→ **What you will do**
Nothing outside the range is to be copied. From the entries below, reproduce exactly the lines starting at the one with "Juego de comedor" and ending at the one with "PLEATS PLEASE（", without pictures.

→ **Entries provided**
>>
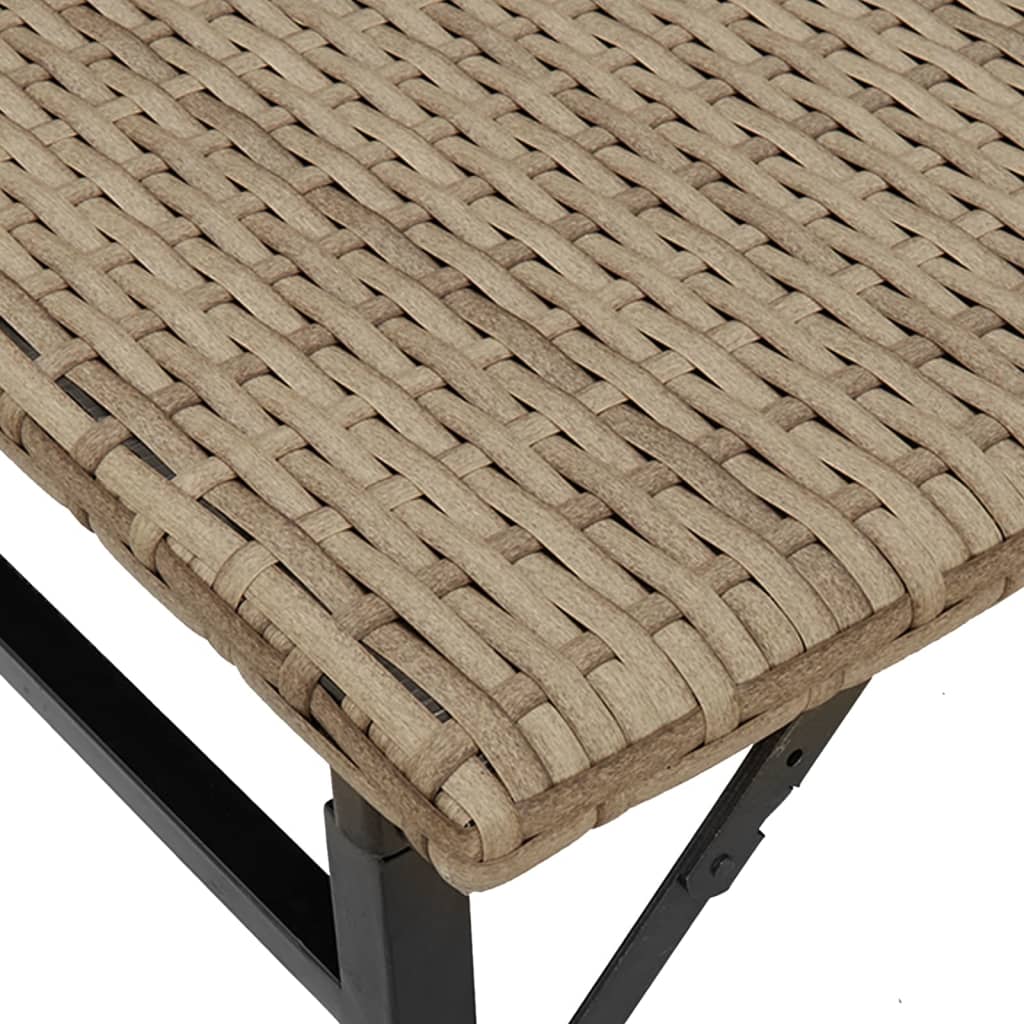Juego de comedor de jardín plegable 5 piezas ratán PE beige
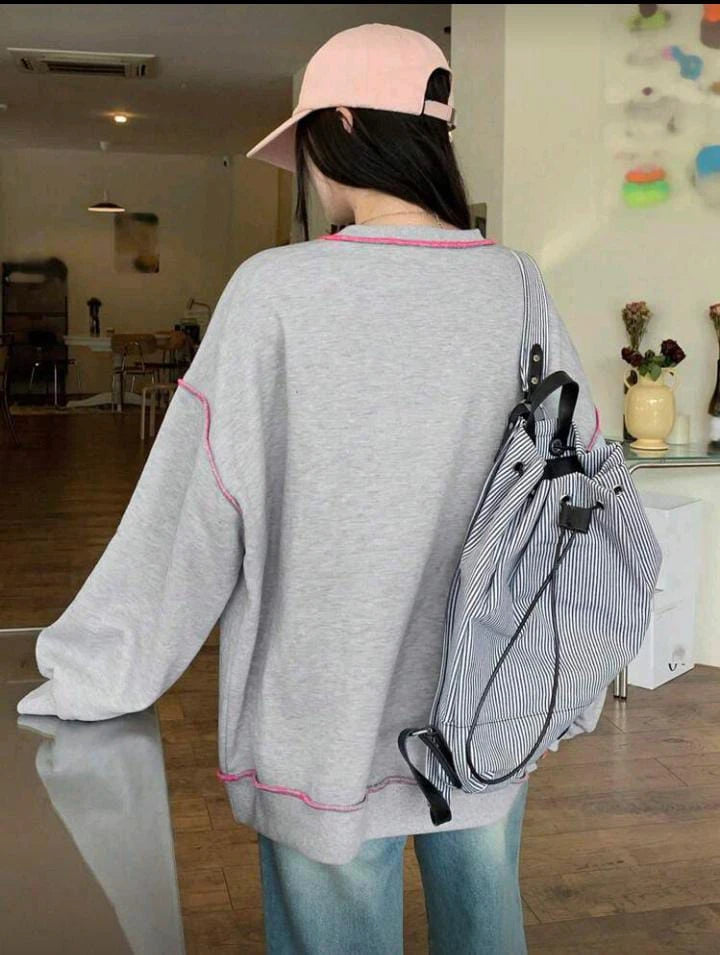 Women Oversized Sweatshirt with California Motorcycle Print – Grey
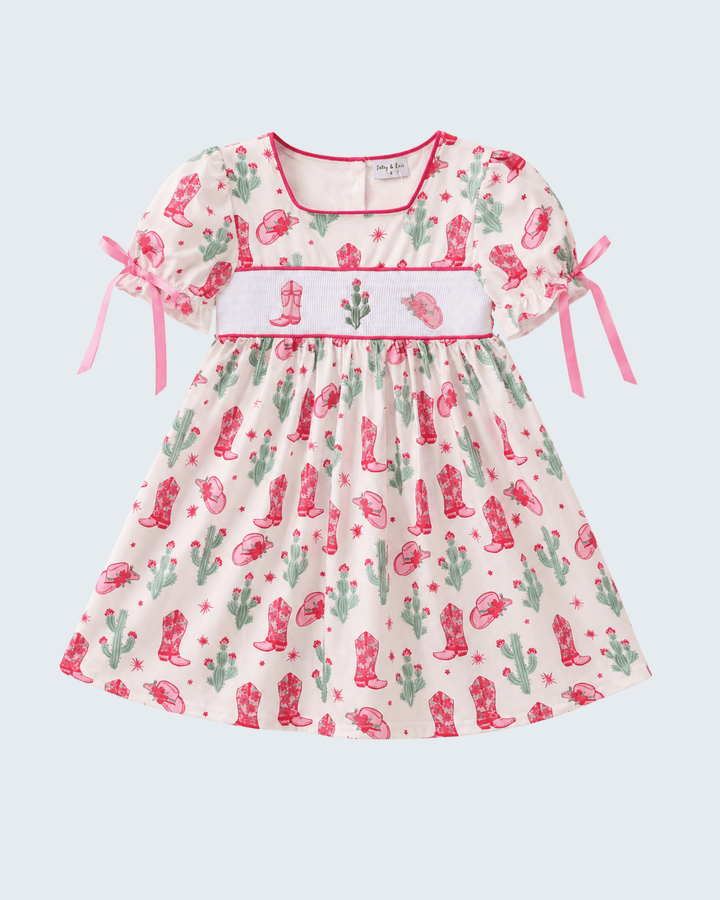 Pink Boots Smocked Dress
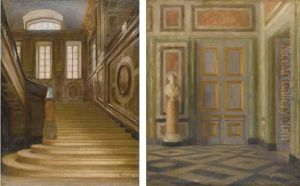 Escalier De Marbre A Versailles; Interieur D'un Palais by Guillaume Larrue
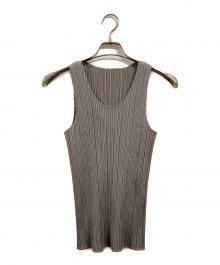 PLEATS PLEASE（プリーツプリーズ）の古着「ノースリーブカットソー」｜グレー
<<
>>
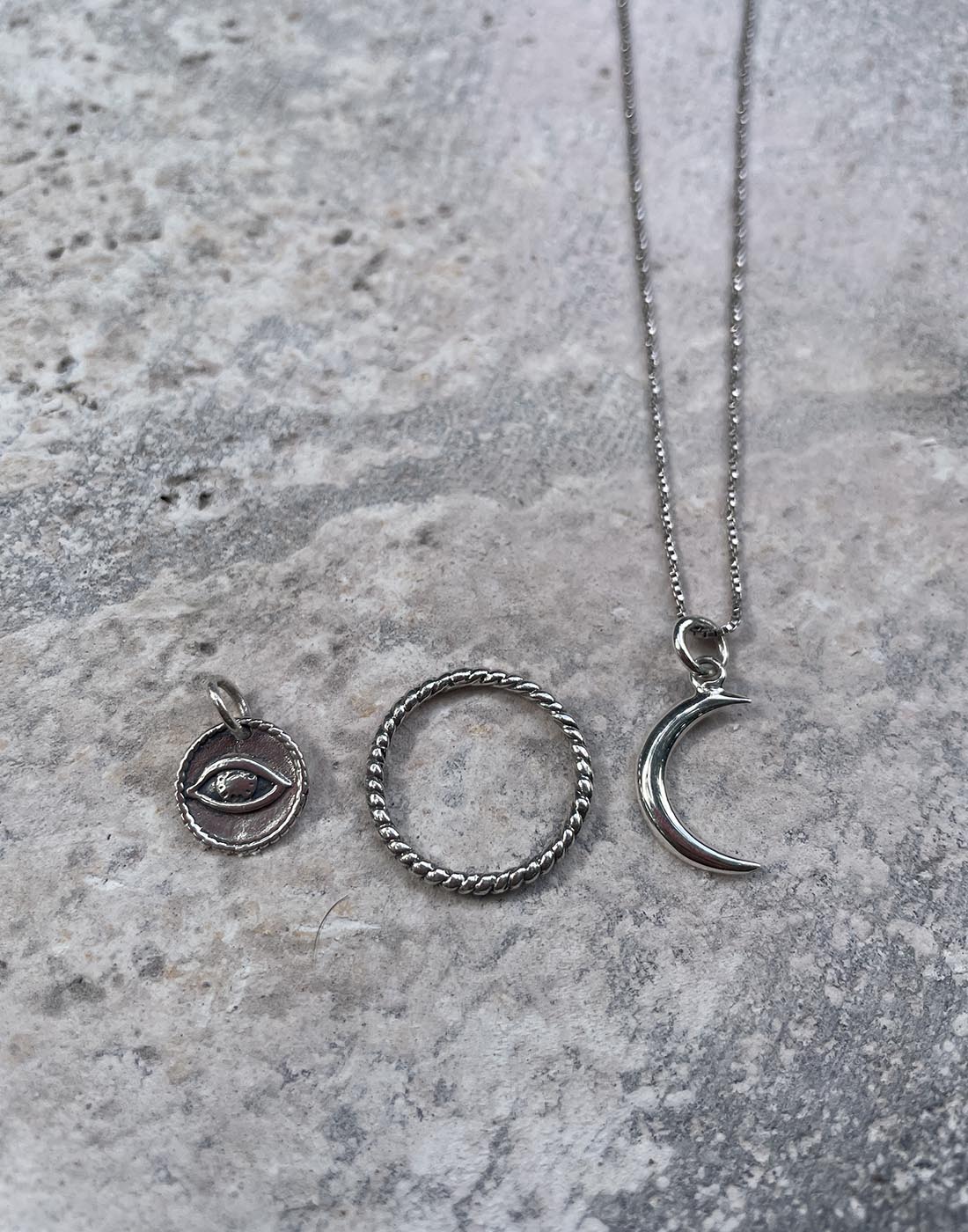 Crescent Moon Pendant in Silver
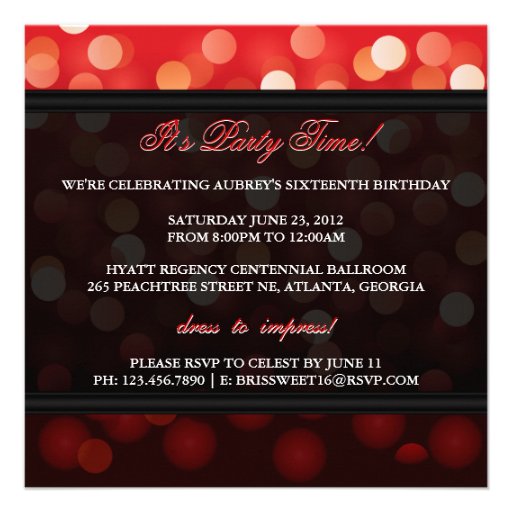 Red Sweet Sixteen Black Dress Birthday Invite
<<
→ **Result**
Juego de comedor de jardín plegable 5 piezas ratán PE beige
 Women Oversized Sweatshirt with California Motorcycle Print – Grey
 Pink Boots Smocked Dress
 Escalier De Marbre A Versailles; Interieur D'un Palais by Guillaume Larrue
 PLEATS PLEASE（プリーツプリーズ）の古着「ノースリーブカットソー」｜グレー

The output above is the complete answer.